BW: Ich meine, für mich ist es meistens das Zuhören, weil ich mehr lerne, wenn ich mit jungen Aktivisten zusammen bin, denke ich, als (ich habe) zu irgendeinem Zeitpunkt in meiner Karriere. Ich habe immer einen neuen Sinn für Informationen oder, wie Sie wissen, eine neue Leidenschaft. Da ist viel Energie. Es gibt viel Mut. Meine Interaktion bestand also hauptsächlich darin, von jungen Aktivisten zu lernen, was funktioniert, was nicht funktioniert und wie die nächste Generation die Welt sehen möchte. Die Realität sieht so aus: Junge Menschen heute, Gen Z, junge Millennials, wir müssen in den nächsten 20 bis 30 Jahren mit allem leben, wie die Welt aussieht. Und deshalb denke ich, haben wir heute die Verantwortung, eine übergroße Meinung zu haben, einen übergroßen Einfluss auf die Politik und auf soziale Fragen zu haben, weil wir diejenigen sind, die mit dem leben müssen, was als nächstes passiert. Der Klimawandel wird sich auf uns auswirken. Die Bürgerrechte von LGBT werden sich auf uns auswirken. Waffengewalt wirkt sich heute auf uns aus. Aus diesem Grund müssen wir wirklich zusammenstehen und mobilisieren, um eine Welt zu schaffen, auf die wir stolz sein können und die unsere Werte widerspiegelt.

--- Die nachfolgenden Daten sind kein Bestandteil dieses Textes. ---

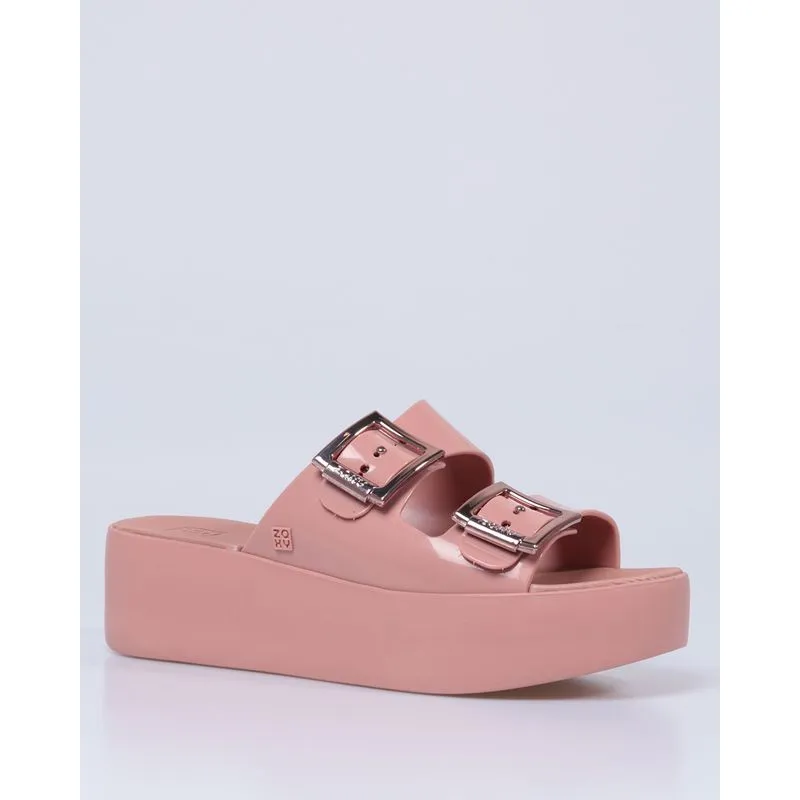 Sandália Flatform Fivelas Rosê 39/40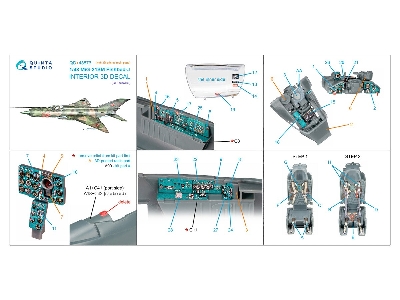 Mig-21 Sm Fishbed-j - 3d-printed & Coloured Interior On Decal Paper With 3d-printed Resin Parts (For Eduard Kits) - zdjęcie 8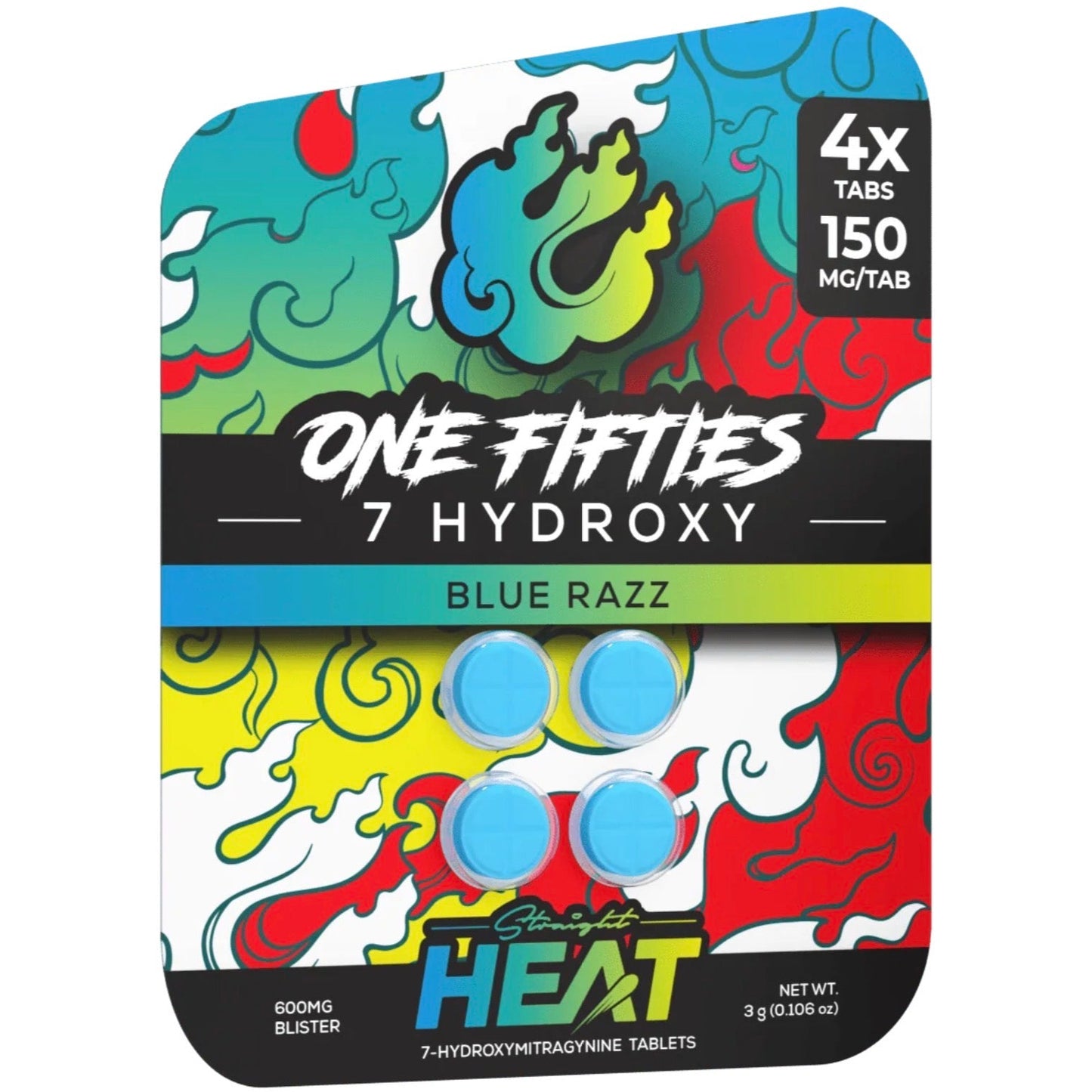 Straight HEAT 7-OH - 4Ct & NEW 10Ct 150mg Tabs - 5 Flavors [K-H150-4C]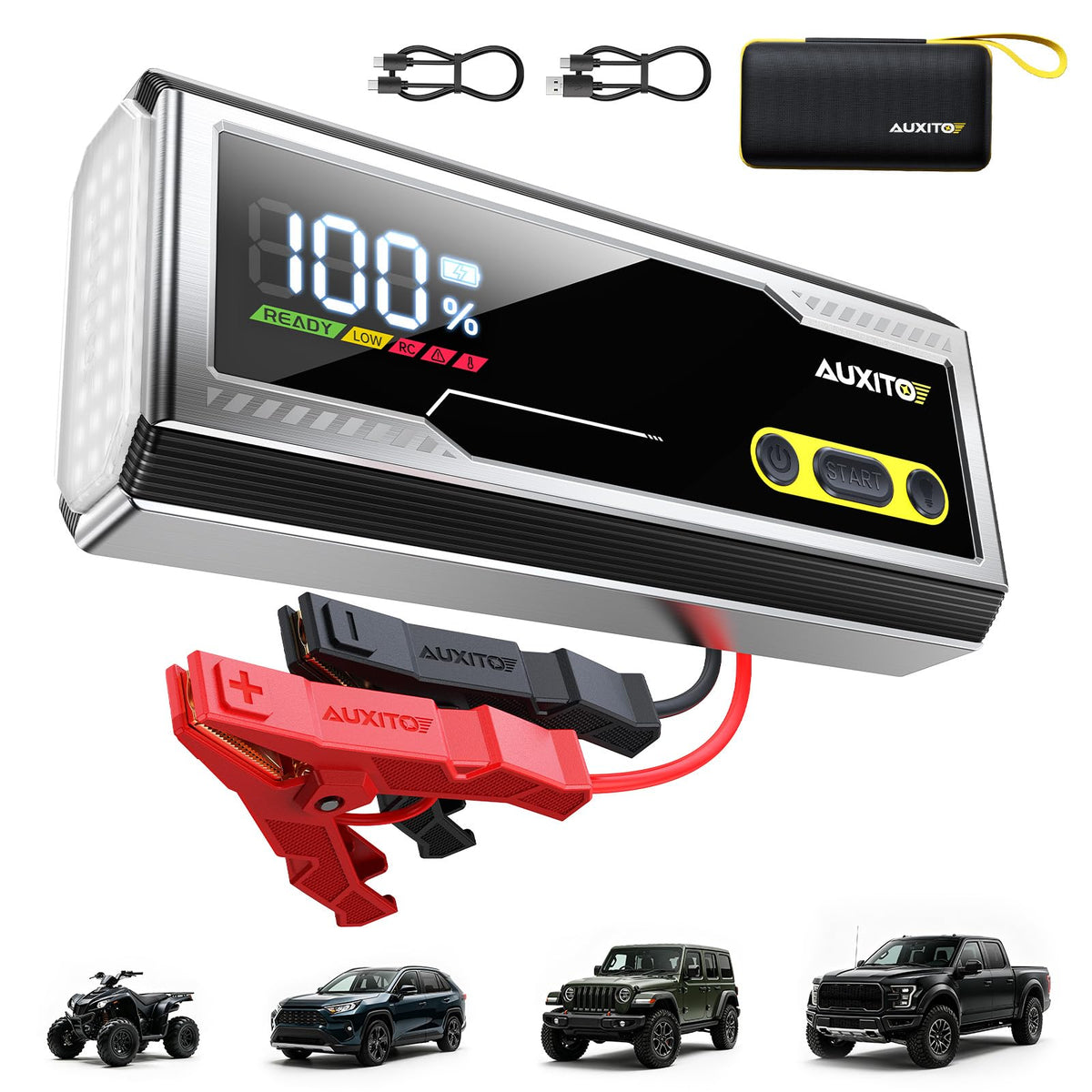 AUXITO 9000A front panel showing ports and rugged housing for reliable roadside power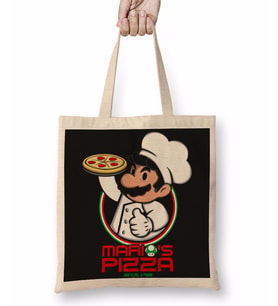 Mario Bros Mario's Pizza Bez Çanta Uzun Saplı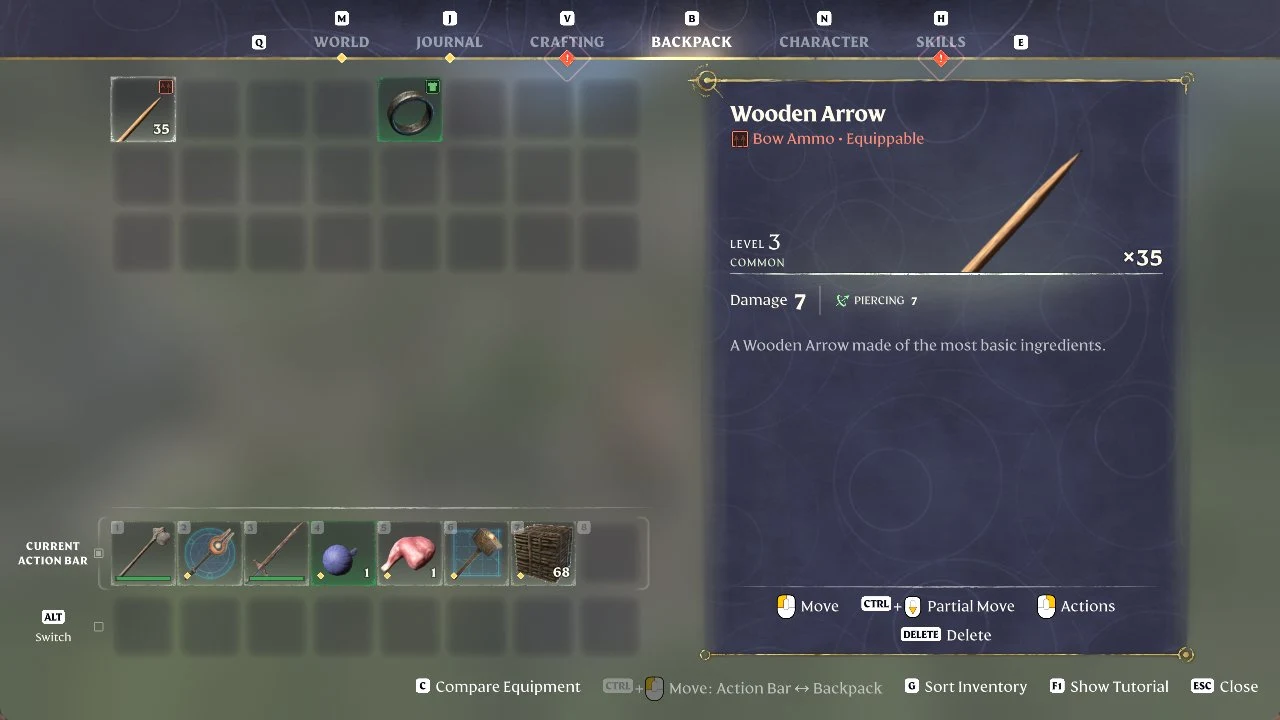 Backpack inventory screen with a Wooden Arrow stack selected and its stats panel on the right, action bar items below.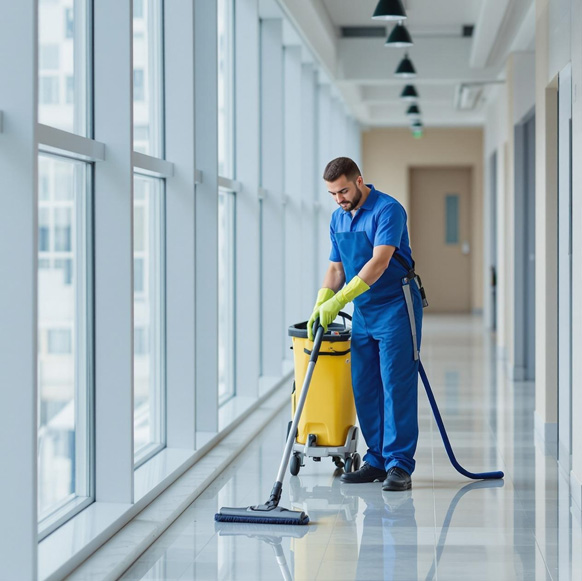 technician vacuums tile floor in new building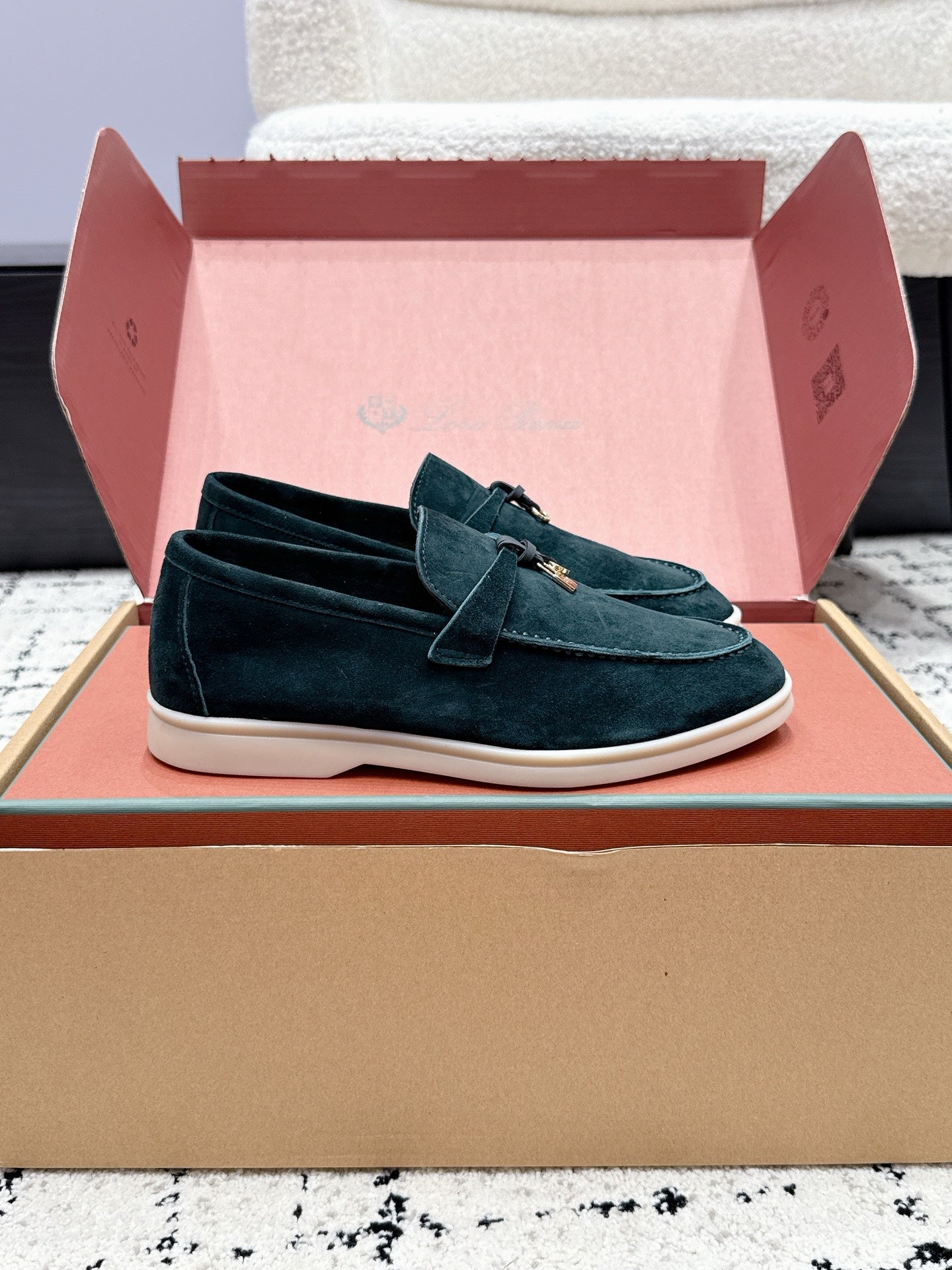 LP 26S SUMMER CHARMS WALK LOAFER IN DEEP TEAL GREEN SUEDE GOLD HARDWARE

__FERNSEHER: Was raten Sie jungen Menschen, die aktiv werden und sich zuerst engagieren? __

BW: Lassen Sie sich zunächst nicht entmutigen, da dies sehr entmutigend sein kann. Ich denke, eine der (falschen) Vorstellungen, insbesondere in der Bewegung zur Verhinderung von Waffengewalt, ist, dass die Veränderung unmittelbar und umfassend sein wird. Und so funktioniert die Welt einfach nicht und vor allem nicht die US-Politik. Wenn also jemand damit gerechnet hätte, dass Emma Gonzalez am Dienstag eine Rede halten würde und am Samstag eine umfassende Waffenreform im Land stattfinden würde, wären sie naiv. So funktioniert das System einfach nicht. Und so ist einer der Ratschläge, die ich jungen Aktivisten die ganze Zeit gebe, nicht entmutigt zu werden, wenn Sie die tiefgreifende Veränderung, die Sie morgen erwarten, nicht sehen, denn Veränderung geschieht ... Columbine geschah vor über 20 Jahren und wir sehen gerade erst die Früchte all dieser Arbeit in den letzten Jahrzehnten, um die Waffengewalt zu beenden. Das ist also mein wichtigster Ratschlag. Und meine andere ist, sich niemals von jemandem sagen zu lassen, dass Sie zu jung oder nicht klug oder nicht gebildet oder nicht klug genug sind, um eine Meinung und eine Stimme zu haben, denn das ist nicht wahr. Sie haben eine geschätzte Perspektive, und Ihre Perspektive sollte bewertet werden. Gehen Sie also immer mit Respekt und Würde vor, fordern Sie aber auch den Respekt und die Würde, die Sie verdienen, und wissen Sie, dass Ihre Perspektive gültig ist.